• [Task item]: Omit all pictures and transcribe only the lines in the entries below that run from the line with "Top 10 Easy" through the line with "Protein Waffles Chocolate Chip Brownie".

• [Data in this exercise]:
┌──
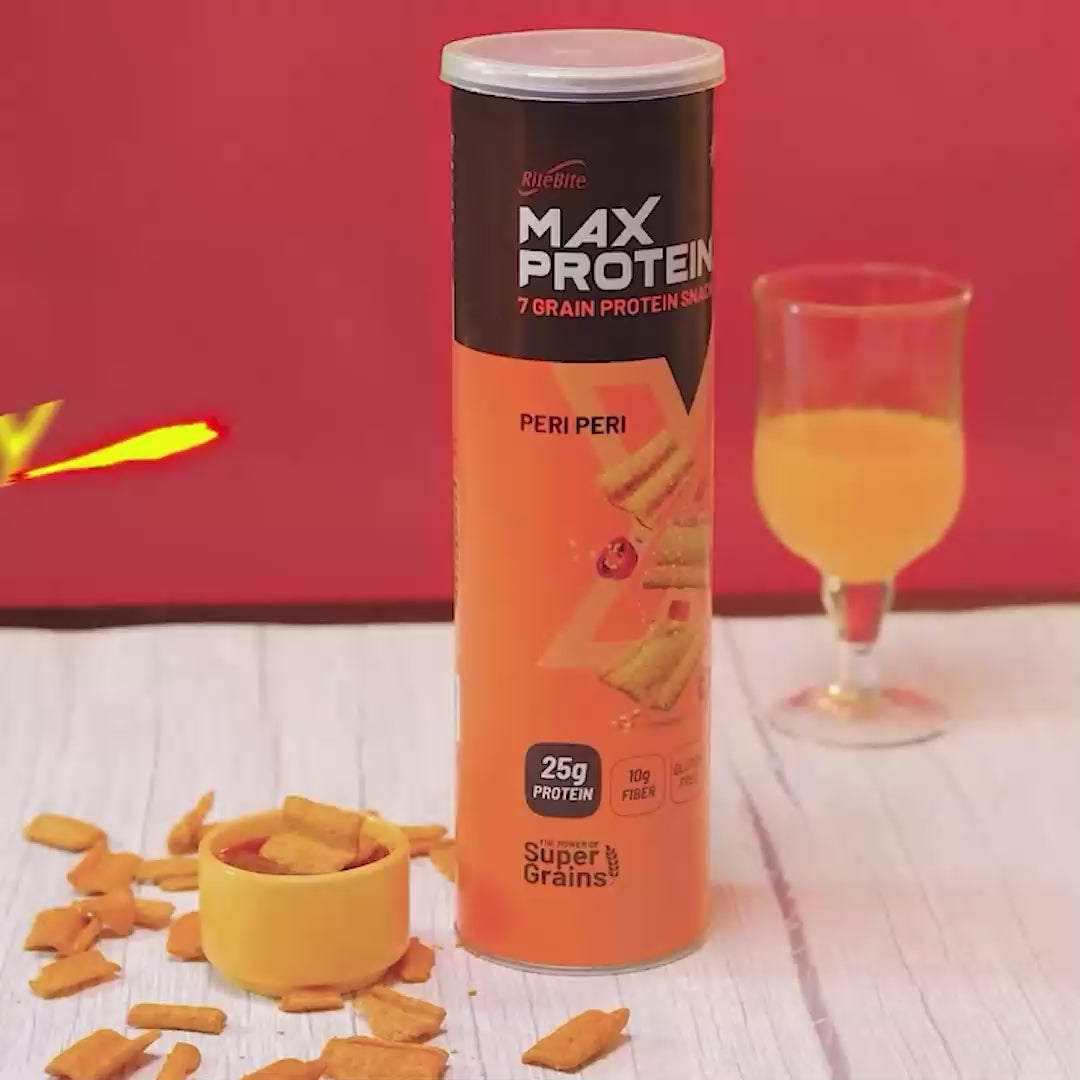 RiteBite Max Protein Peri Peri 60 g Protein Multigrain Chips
└──
┌──
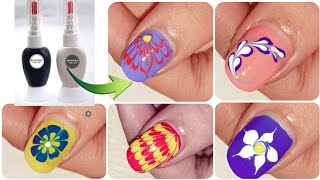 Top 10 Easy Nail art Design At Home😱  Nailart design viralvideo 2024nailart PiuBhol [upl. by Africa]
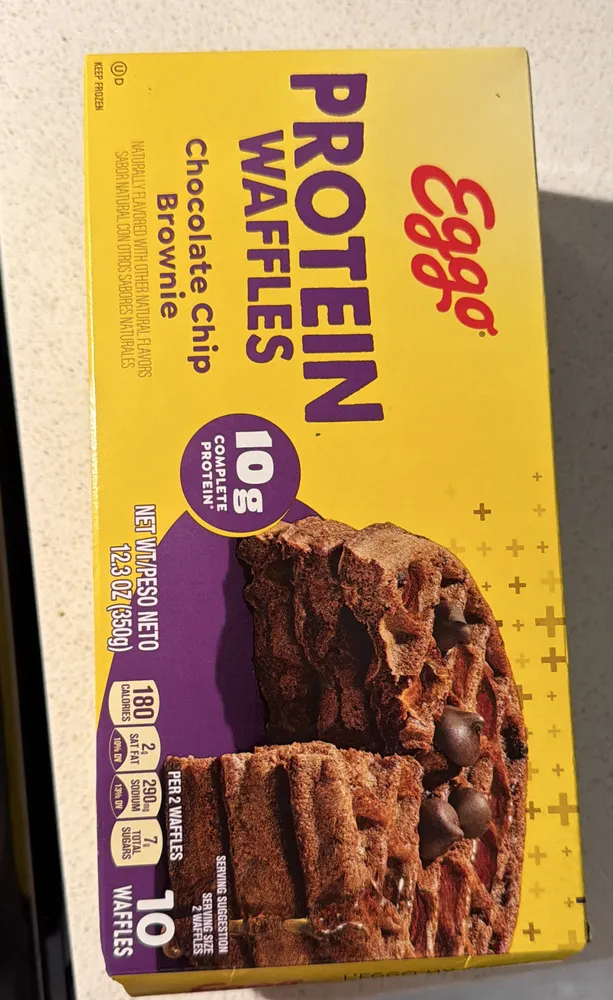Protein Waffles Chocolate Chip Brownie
└──
• [Written answer]:
 Top 10 Easy Nail art Design At Home😱  Nailart design viralvideo 2024nailart PiuBhol [upl. by Africa]
Protein Waffles Chocolate Chip Brownie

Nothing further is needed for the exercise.